The pipeline follows a progression: lint first (fast, catches syntax and style issues), then Molecule tests (slower, catches functional issues), then staging deployment (only on merge to main). Production deployment should require manual approval via a separate workflow or deployment tool.

Common Mistakes#

Using collections too early. Creating a collection for three roles used by one team adds build, versioning, and distribution overhead without benefit. Start with roles in a project directory. Move to collections when the sharing and versioning needs justify it.

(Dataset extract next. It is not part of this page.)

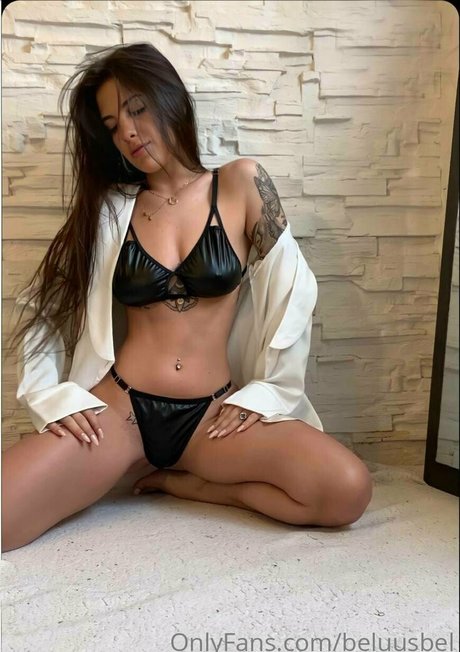 Nacktes geleaktes OnlyFans-Foto von Beluusbel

Dynamic inventory without caching. Every ansible-playbook run queries the cloud API for inventory. For large inventories, this adds seconds or minutes to every run. Enable inventory caching:

[inventory]
cache = true
cache_plugin = ansible.builtin.jsonfile
cache_connection = /tmp/ansible-inventory-cache
cache_timeout = 300

Testing the Ansible module, not the result. Molecule verify tasks that check “did Ansible run this task” are tautological. Instead, verify the observable outcome: is the port open, does the service respond, is the file present with the correct content.

Vault password in the repository. The vault password file must never be committed. Add it to .gitignore and distribute it through a secrets manager or CI/CD pipeline secrets. The encrypted files themselves are safe to commit – that is the point of vault encryption.